Die Ergebnisse deuten darauf hin, dass dieses Protokoll hohe Qualität und gut erhaltene Netzhautabschnitte liefert, im Gegensatz zu schlechter Qualität Netzhautabschnitte aus einem anderen Protokoll erhalten. Rhodopsin reiche innere und äußere Segmente bleiben vertikal und intakt mit wenig bis gar keine Trennung vom Überlegen des retinalen pigmentierten Epithels. Interneuronen, wie Gad65-positive Amacrinzellen, bleiben innerhalb der inneren Kernschicht und der inneren Plexiformschicht richtig geschichtet.

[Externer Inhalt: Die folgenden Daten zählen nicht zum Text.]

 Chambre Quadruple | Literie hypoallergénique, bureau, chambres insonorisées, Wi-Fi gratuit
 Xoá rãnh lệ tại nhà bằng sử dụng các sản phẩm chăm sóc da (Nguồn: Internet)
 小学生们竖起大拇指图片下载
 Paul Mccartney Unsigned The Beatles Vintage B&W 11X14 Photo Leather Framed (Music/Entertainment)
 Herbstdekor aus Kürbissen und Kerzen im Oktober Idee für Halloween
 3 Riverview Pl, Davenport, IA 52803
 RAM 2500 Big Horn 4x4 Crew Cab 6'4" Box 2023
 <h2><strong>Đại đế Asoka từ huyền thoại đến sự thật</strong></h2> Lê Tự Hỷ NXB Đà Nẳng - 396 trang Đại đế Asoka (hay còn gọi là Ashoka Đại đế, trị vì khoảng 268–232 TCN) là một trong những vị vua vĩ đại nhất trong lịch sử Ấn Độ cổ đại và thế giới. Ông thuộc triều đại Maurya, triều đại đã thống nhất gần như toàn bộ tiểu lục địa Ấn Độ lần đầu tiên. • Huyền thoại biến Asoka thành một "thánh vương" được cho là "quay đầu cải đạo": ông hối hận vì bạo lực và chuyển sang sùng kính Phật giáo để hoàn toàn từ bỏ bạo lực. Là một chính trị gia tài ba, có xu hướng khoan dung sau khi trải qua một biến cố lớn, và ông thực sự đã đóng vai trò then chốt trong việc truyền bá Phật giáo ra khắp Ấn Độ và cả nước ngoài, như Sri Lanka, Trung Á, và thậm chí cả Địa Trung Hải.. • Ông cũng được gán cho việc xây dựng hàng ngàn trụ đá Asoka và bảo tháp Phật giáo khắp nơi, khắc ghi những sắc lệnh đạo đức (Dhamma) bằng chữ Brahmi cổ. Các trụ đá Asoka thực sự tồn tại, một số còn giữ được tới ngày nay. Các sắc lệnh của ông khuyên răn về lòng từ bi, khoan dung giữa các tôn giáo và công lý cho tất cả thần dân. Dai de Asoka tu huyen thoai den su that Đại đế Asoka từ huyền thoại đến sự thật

Außerdem bleiben Muller-Zellen gut erhalten mit Soma, der in zytoplasmatischen Prozessen, die sich von der Ganglienzellschicht bis zur äußeren Kernschicht erstrecken, richtig ausgerichtet ist. Darüber hinaus sind gut definierte horizontale Zellen an der inneren Kernschicht und dem äußeren Plexiformschichtrahmen nachweisbar. Es ist wichtig, den Topperbereich der Augen zu markieren und die Orientierung während der Einbettung zu behalten.
Bereiten Sie Paraformaldehyd unter der Haube immer mit der entsprechenden persönlichen Schutzausrüstung vor.